Patricia Bardon : On avait un plan de travail monumental, à cause des disponibilités des comédiens. C'était un casse tête. Mon assistante réalisateur m'a placé les scènes les plus difficiles dès le début – on n'avait pas le choix - et parfois je finissais une scène complexe pour en démarrer une autre aussitôt. C'était assez angoissant mais finalement ce n'est pas si mal d'être projeté tout de suite dans ce qu'on redoute.
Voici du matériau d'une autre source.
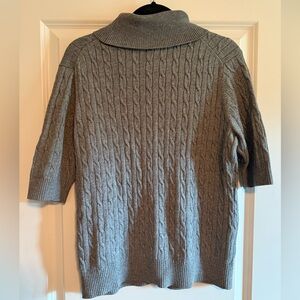 EUC Women's Lands' End Gray Turtleneck Cable Knit Short Sleeve Sweater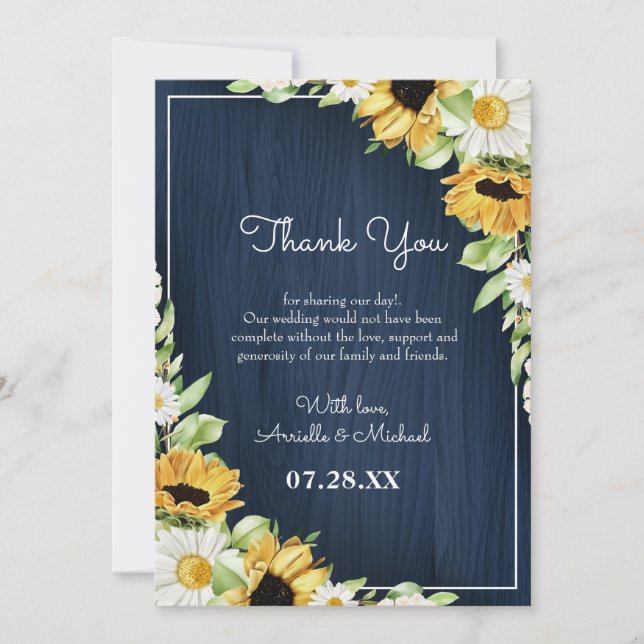 Rustic Sunflower Navy Blue Wood Background Wedding Thank You Card (Front)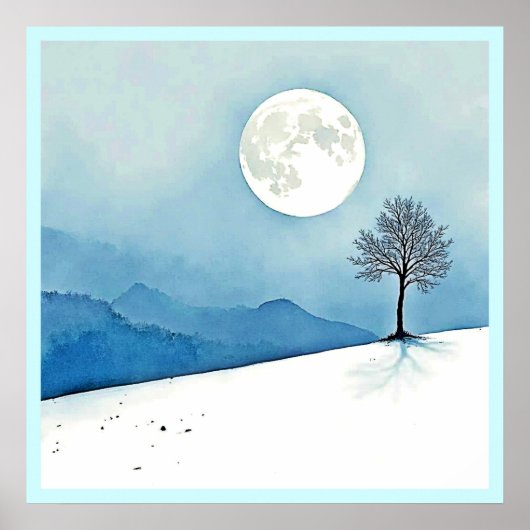 Lone Tree: Serene Full Moon Silence Art ポスター (正面)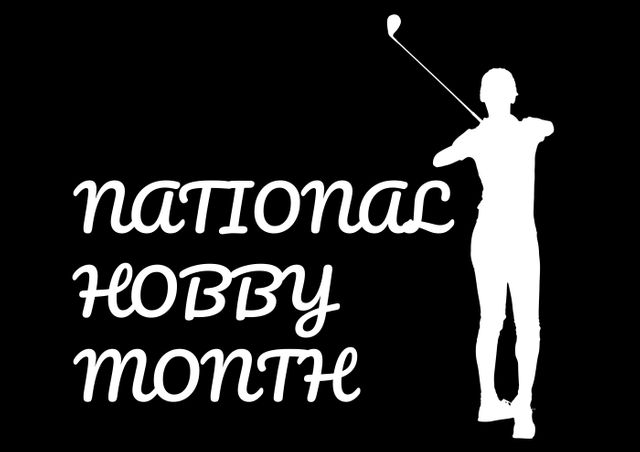 Digital composite image of national hobby month text with sportswoman outline playing golf. symbol and sports.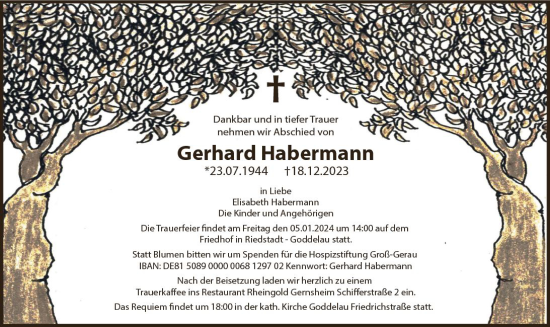 Traueranzeige von Gerhard Habermann von Groß-Gerauer Echo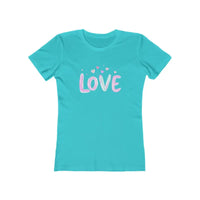Stylish Love Tee for Women in Pink Turquoise Beige - Ocean State Styles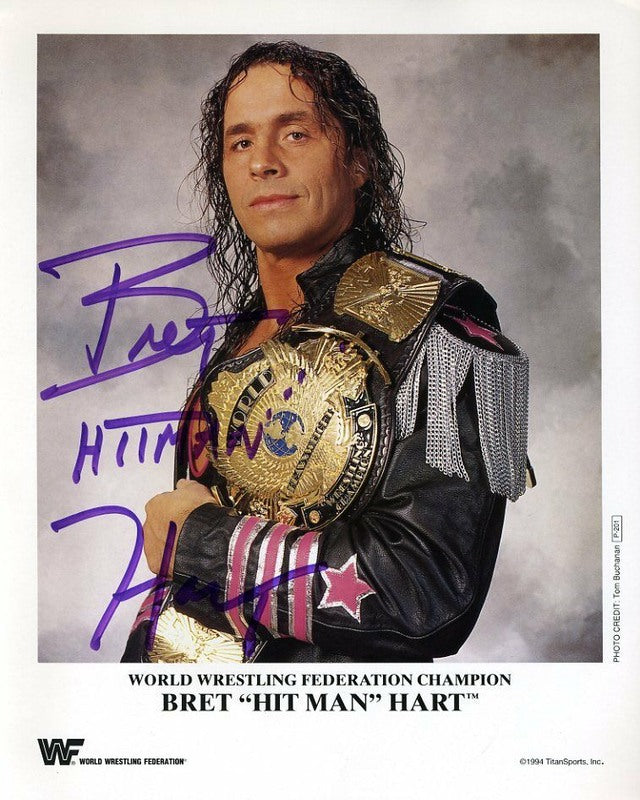 1994 WWF CHAMPION Bret "Hitman" Hart P201a(signed) color 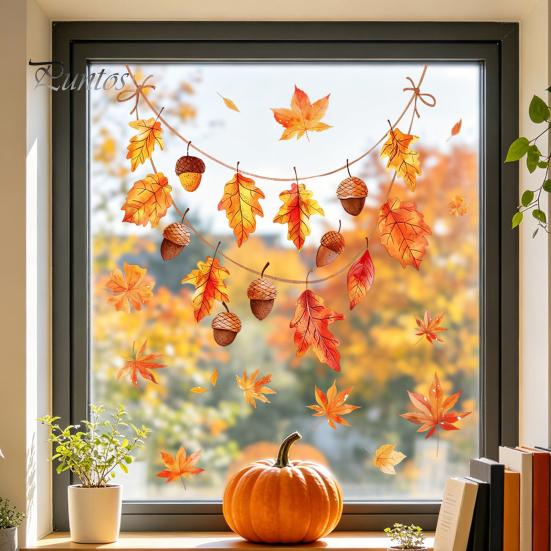 Durable Window Clings for Glass Autumn Maple Leaf Pinecone Scarecrow Pumpkin Static Clings, Waterproof PVC Film Stickers, Removable Seasonal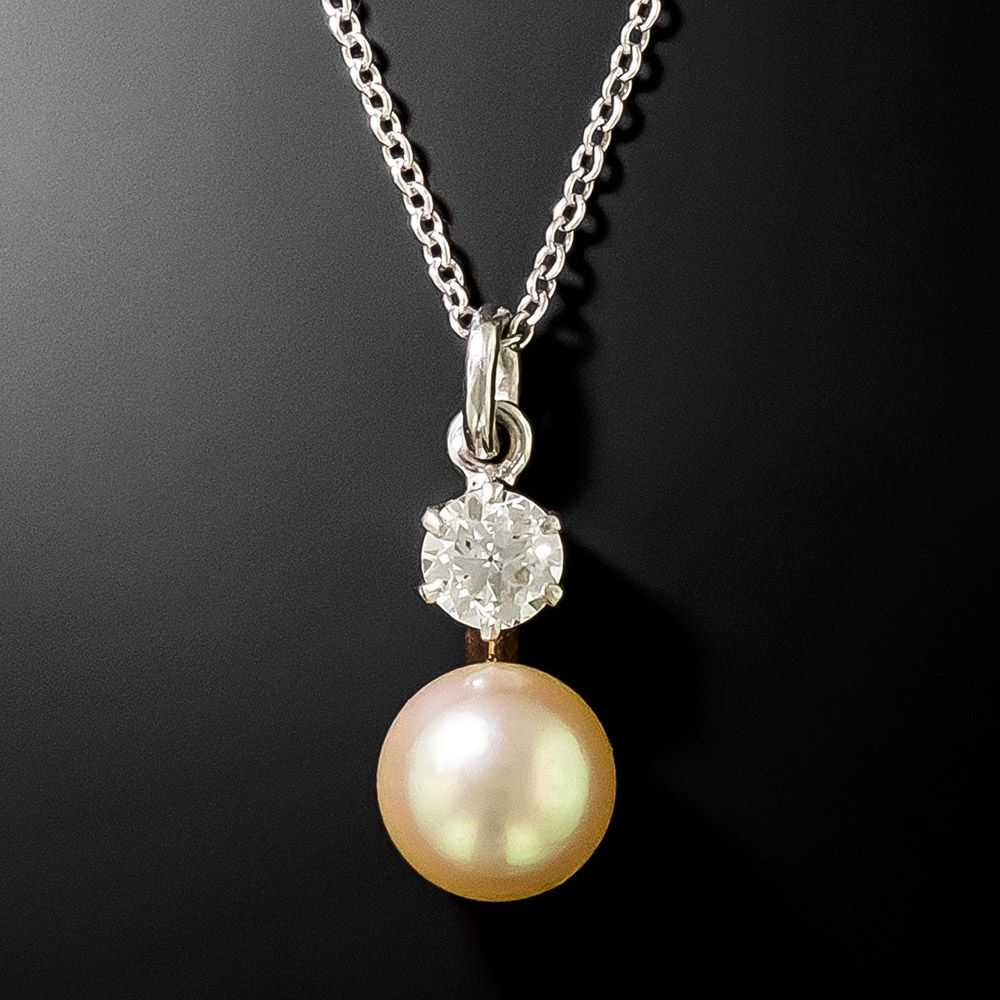 Pearl and Diamond Pendant, Circa 1930s - image 1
• Avez-vous beaucoup travaillé sur le montage ? Comme on sent justement ce jeu d’acteur direct et sincère, vous avez peut être préféré le privilégier, ne pas trop couper ? D’ailleurs il y avait beaucoup de rushes ? et des coupes ?… Ou vous vouliez garder ce qui faisait l’âme du film, même si ça modifiait un peu la durée, ou les plans ?

Patricia Bardon : J'ai coupé parfois des scènes qui me paraissaient trop longues à cause du texte, mais sur le tournage en fait, pas au montage.
Au montage on fait des choix, bien sûr, mais le scénario de départ a très peu changé. Je ne fais jamais de plans à quatre caméras, quatre axes différents. Il y a un axe, une place de caméra. Je n'ai pas intérêt à me tromper.

• Un dernier mot sur cette collaboration avec ARNO… ça paraît assez évident quand on voit le film… mais comment s’est déroulé le montage musical ?

Patricia Bardon : C'est comme la vie, ça s'est fait tout seul, de fil en aiguille. Quand on a fait le teaser du film, j'avais un rôle assez important écrit pour Arno. Mais il ne pouvait pas le jouer car il était occupé à son album. On s'était dit aussi qu'il y aurait plein de chansons, et pas seulement « les filles du bord de mer ». Alors, comme il n'avait pas le temps non plus pour écrire une musique originale, ni des chanson, il m'a laissé carte blanche. Il m'a dit : « prends ce que tu veux ». Entre temps, lui et son manager avaient vu le teaser, qui leur avait plu et ils m'ont fait confiance. J'ai eu la chance de pouvoir choisir parmi toutes les chansons d'Arno. Et je savais, en ré-écrivant le scénario, où je mettrais telle musique et telle chanson. La musique a fait partie de la dernière ré-écriture du scénario. La voix d'Arno est un personnage du film.